Task → A word-for-word copy of all entries is required, without images.
▼
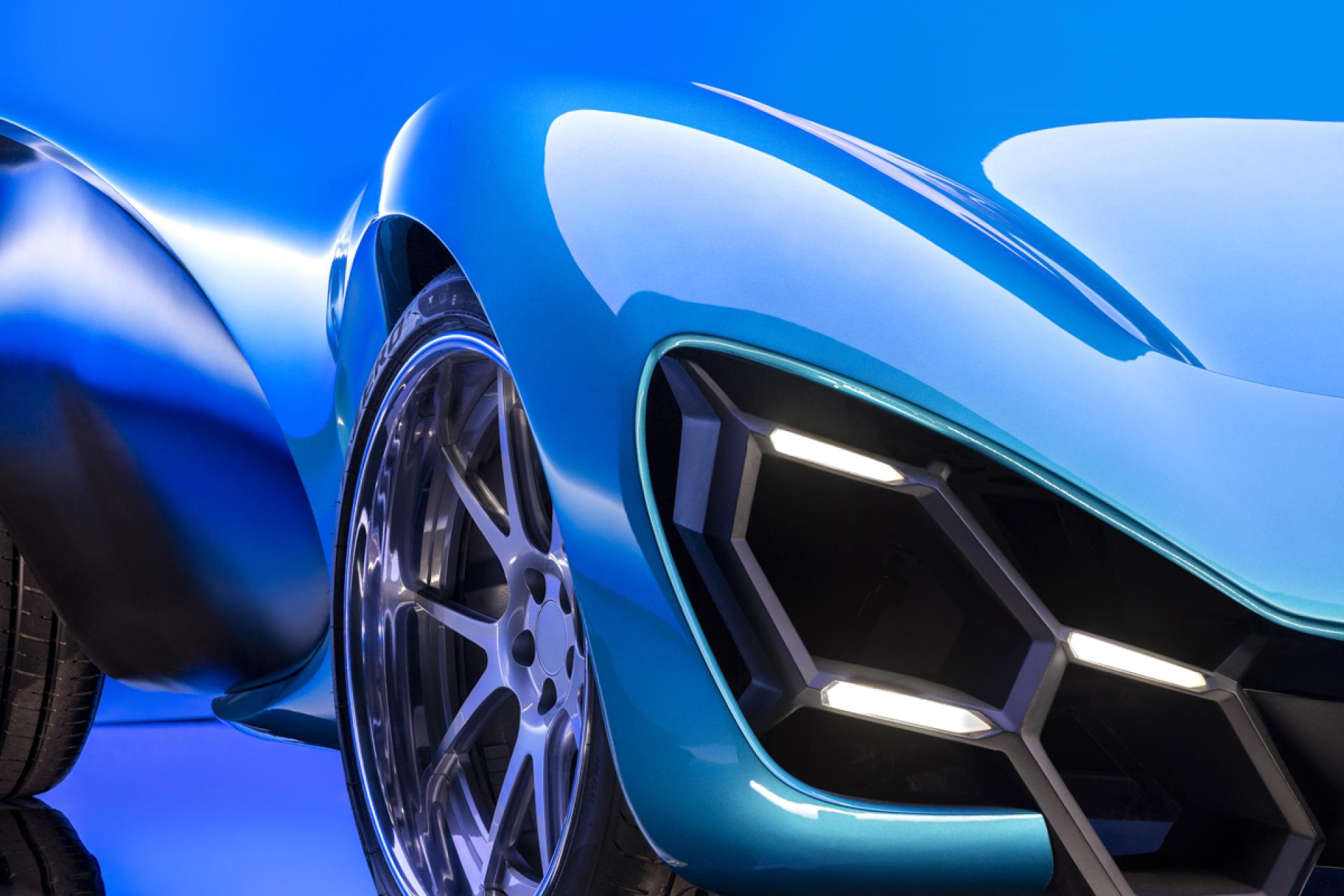 Global Photography Awards Winner - Electric Pulse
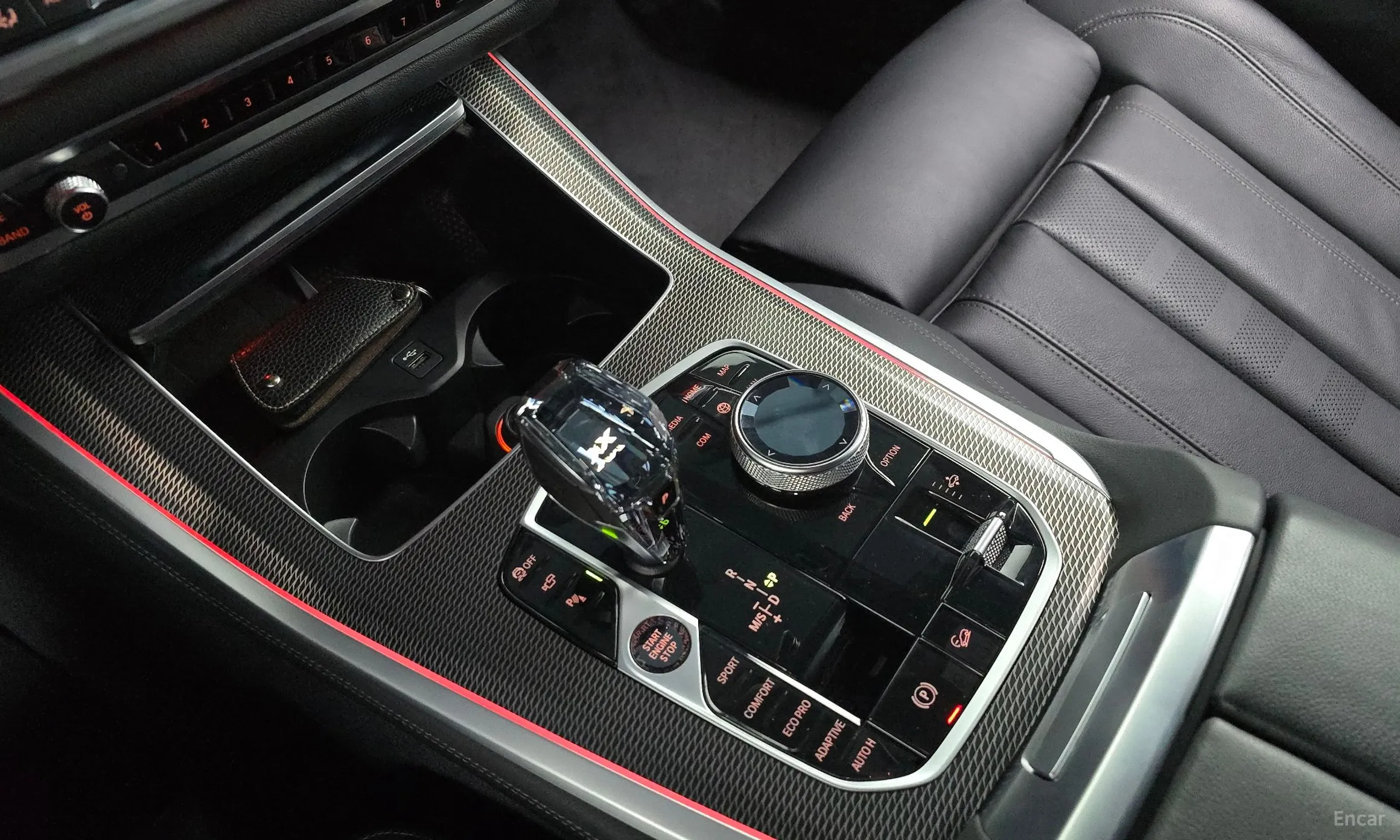 BMW X5 (G05) превью 9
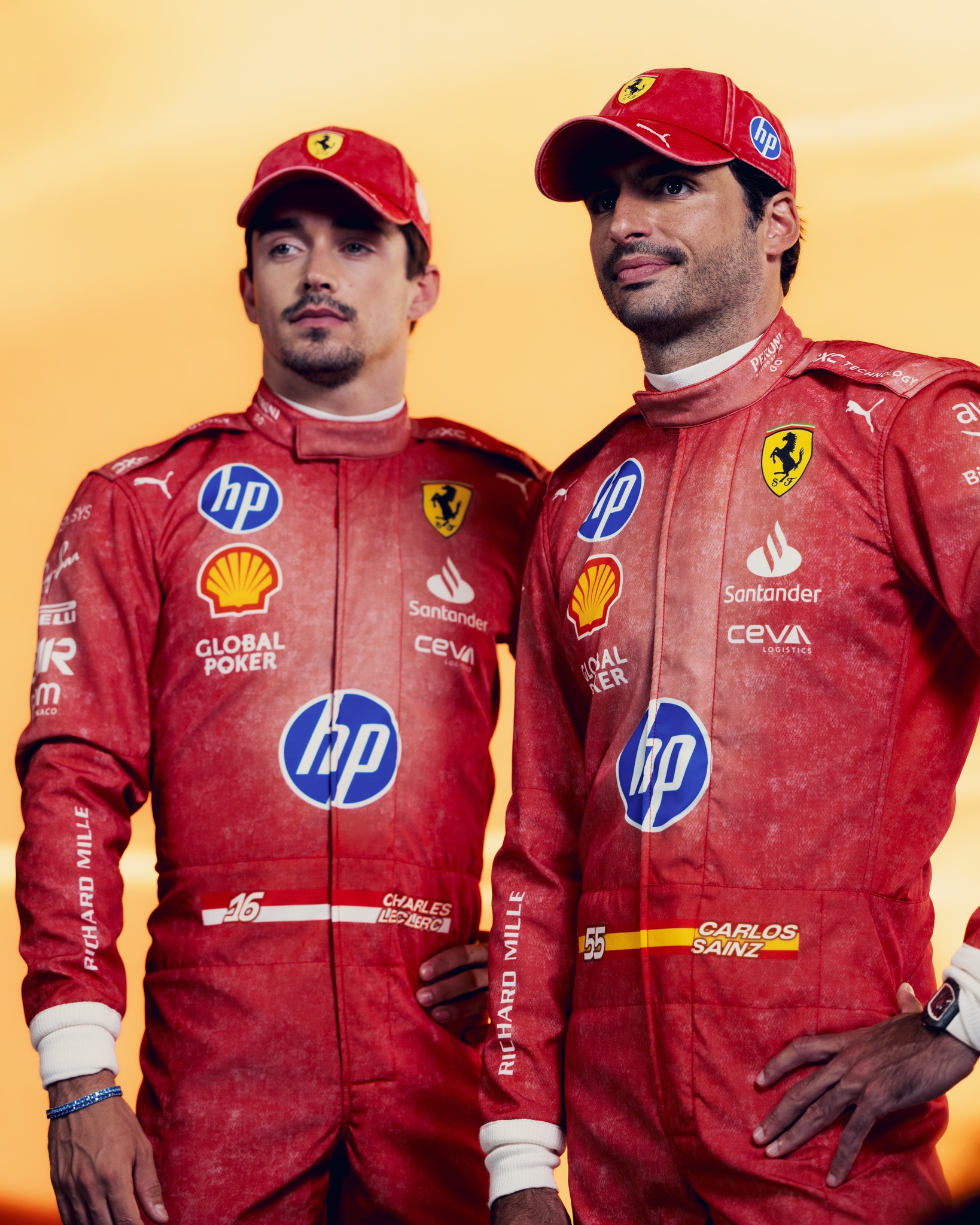 红牛车队力克红牛二队，勒克莱尔状态火热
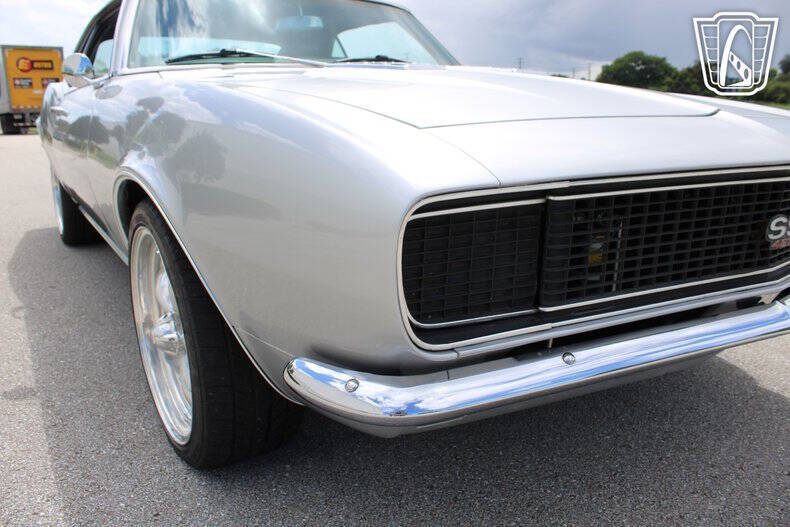 1968 Chevrolet Camaro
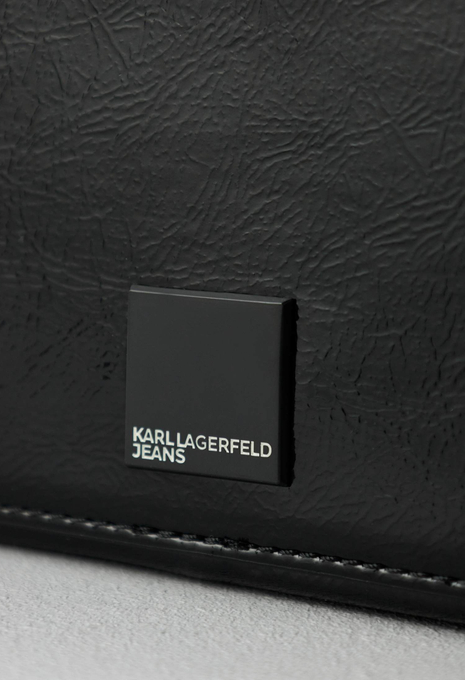 Сумка BOX LOGO GLOSSY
▲
Result of the task →
 Global Photography Awards Winner - Electric Pulse
 BMW X5 (G05) превью 9
 红牛车队力克红牛二队，勒克莱尔状态火热
 1968 Chevrolet Camaro
 Сумка BOX LOGO GLOSSY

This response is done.